→ Task details:
Please reproduce the data exactly, though every picture must stay out.

Scraped caption text data
________________________

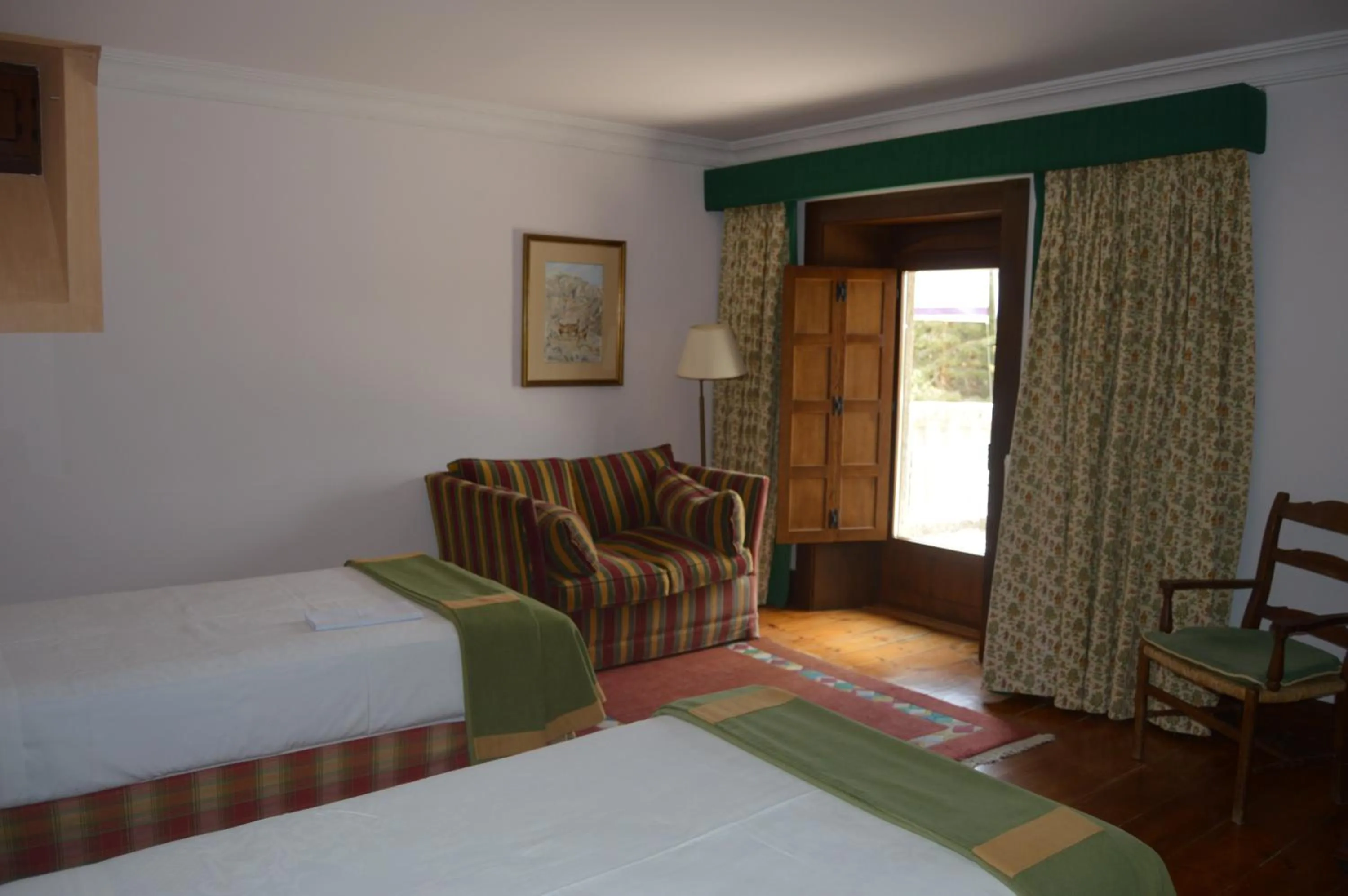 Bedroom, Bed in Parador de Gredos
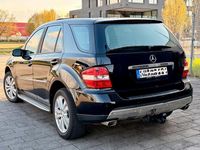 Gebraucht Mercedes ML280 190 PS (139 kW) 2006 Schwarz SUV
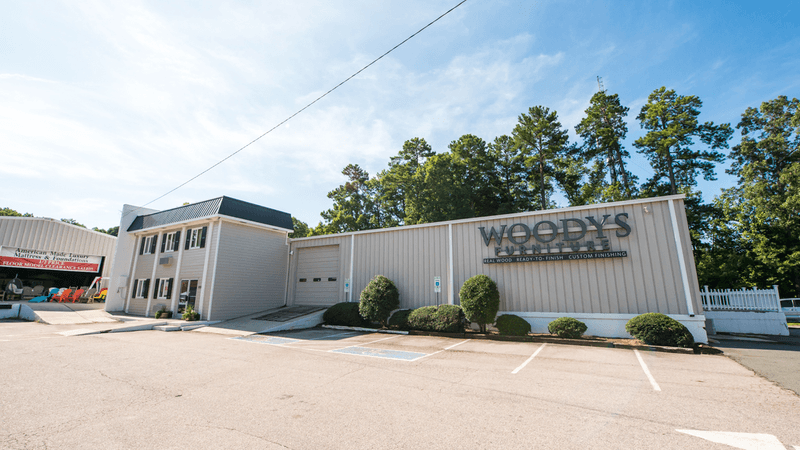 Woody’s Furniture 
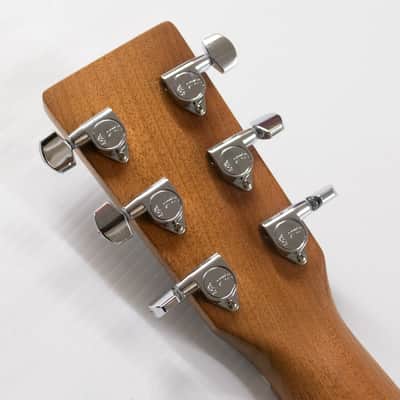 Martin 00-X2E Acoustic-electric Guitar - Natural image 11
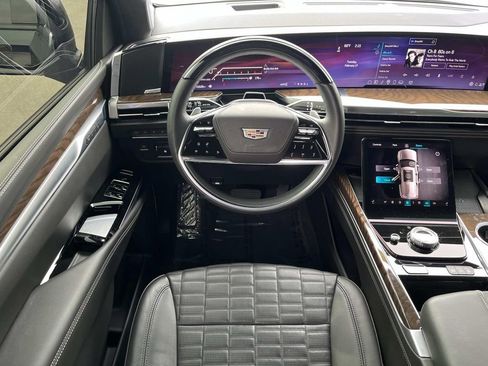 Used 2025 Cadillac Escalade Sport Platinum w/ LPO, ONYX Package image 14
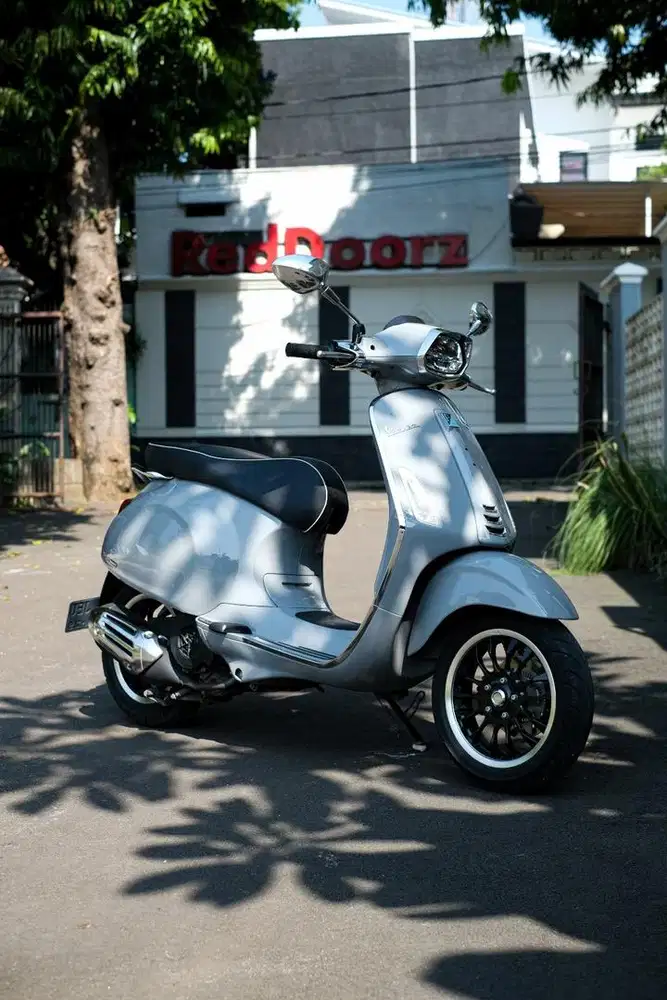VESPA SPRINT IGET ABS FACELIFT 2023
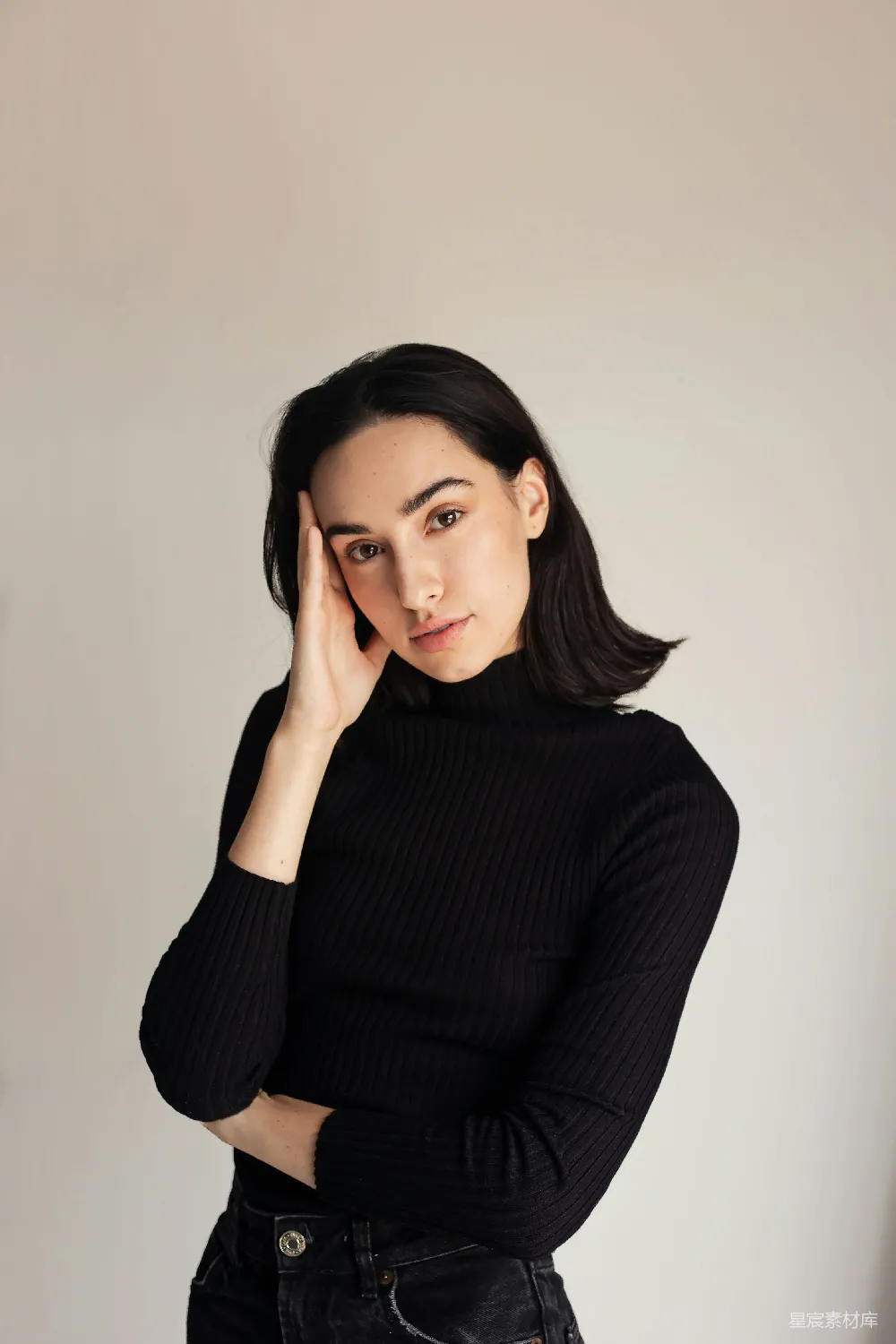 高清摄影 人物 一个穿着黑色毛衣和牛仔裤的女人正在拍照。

________________________

→ Reply:
 Bedroom, Bed in Parador de Gredos
 Gebraucht Mercedes ML280 190 PS (139 kW) 2006 Schwarz SUV
 Woody’s Furniture 
 Martin 00-X2E Acoustic-electric Guitar - Natural image 11
 Used 2025 Cadillac Escalade Sport Platinum w/ LPO, ONYX Package image 14
VESPA SPRINT IGET ABS FACELIFT 2023
 高清摄影 人物 一个穿着黑色毛衣和牛仔裤的女人正在拍照。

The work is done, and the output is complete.